La règle était également incroyablement fiable.
- Cohérence interne : L'équipe a calculé un score appelé alpha ordinal, qui s'est élevé à 0,96. Considérez cela comme un « score de confiance ». Un score de 1,0 est parfait, et 0,96 est pratiquement parfait. Cela signifie que si vous posiez à la même femme les mêmes questions dans un ordre légèrement différent, elle donnerait presque exactement le même schéma de réponses.
- Stabilité : Ils ont interrogé les mêmes femmes deux semaines plus tard. Les réponses concordaient avec un score de 0,93, prouvant que la règle ne vacille pas avec le temps.

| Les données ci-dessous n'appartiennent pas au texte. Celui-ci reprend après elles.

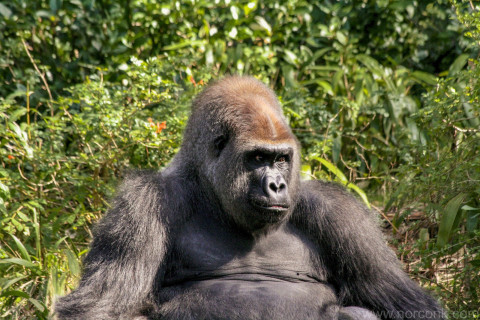 Western Lowland Gorilla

- Vérification en vie réelle : Ils ont également vérifié si la règle faisait sens par rapport à la réalité. Les femmes qui rapportaient des scores d'insécurité hydrique élevés passaient effectivement plus de temps à chercher de l'eau, payaient plus cher pour l'eau et avaient des enfants souffrant davantage de diarrhée. La règle ne se contentait pas d'inventer des chiffres ; elle suivait des luttes réelles.
Ce que cela signifie
L'étude n'a pas découvert que l'insécurité hydrique est un nouveau problème, ni elle n'a prétendu avoir résolu l'approvisionnement en eau. Au lieu de cela, elle a prouvé qu'ils disposent désormais d'un outil valide, fiable et culturellement adapté pour mesurer le problème parmi les femmes parlant le Sidaamu Afoo en Éthiopie. L'article écarte explicitement l'idée que l'échelle pourrait mesurer plusieurs choses différentes à la fois ; les données ont montré qu'il s'agit strictement d'une mesure unidimensionnelle du stress hydrique.

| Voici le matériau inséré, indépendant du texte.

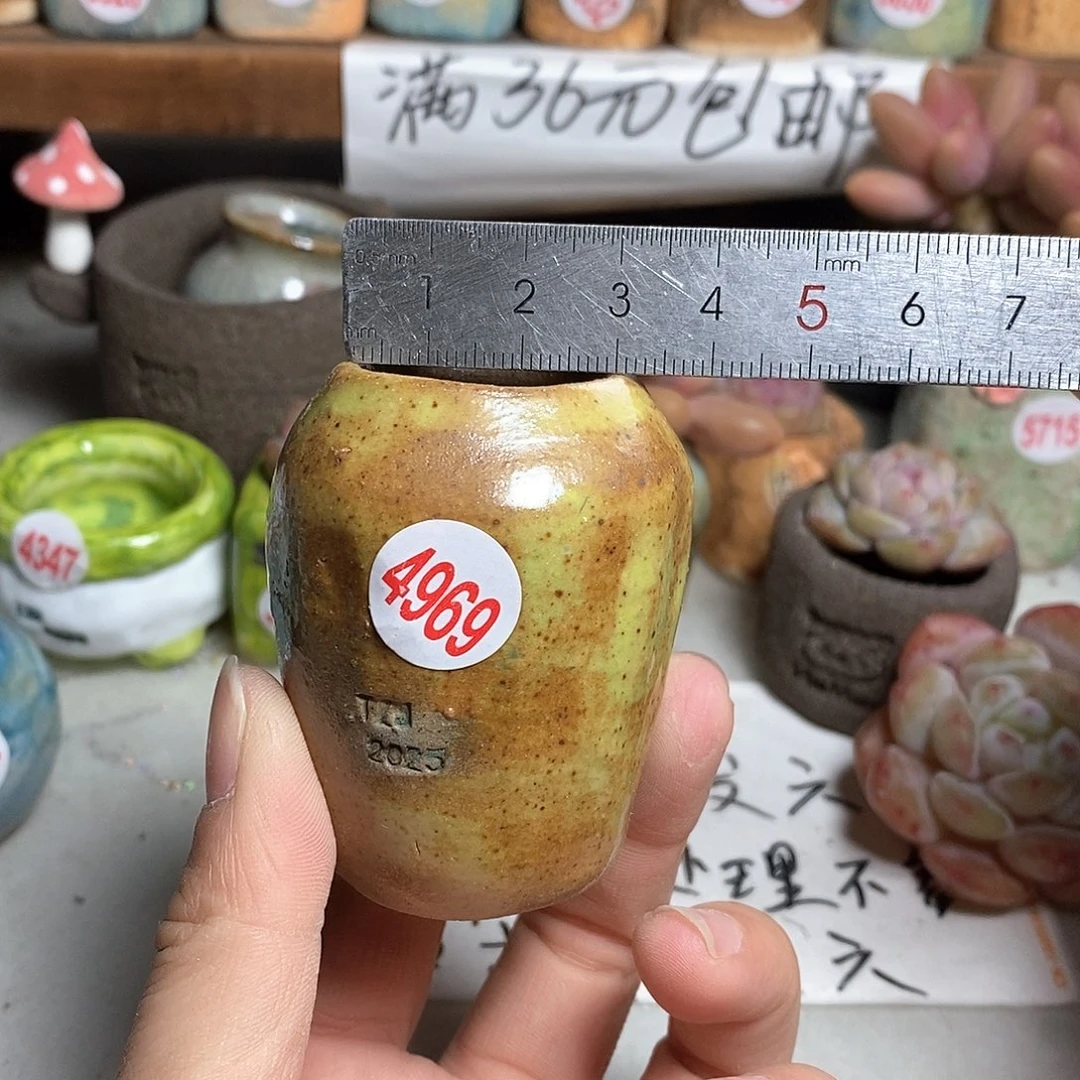 红陶拍5送一个小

Les chercheurs sont convaincus que cet outil est prêt à être utilisé pour vérifier si les projets d'eau fonctionnent. Cependant, ils ont également noté que leur étude s'est concentrée sur des femmes ayant de jeunes enfants dans un district spécifique. Ils suggèrent que les futurs explorateurs testent cette règle auprès de différents groupes de personnes et à différentes saisons pour s'assurer qu'elle tient bon partout. Pour l'instant, cependant, l'équipe a réussi à construire une règle solide et précise pour une communauté qui en avait besoin, garantissant que leurs voix concernant l'insécurité hydrique puissent enfin être mesurées avec précision.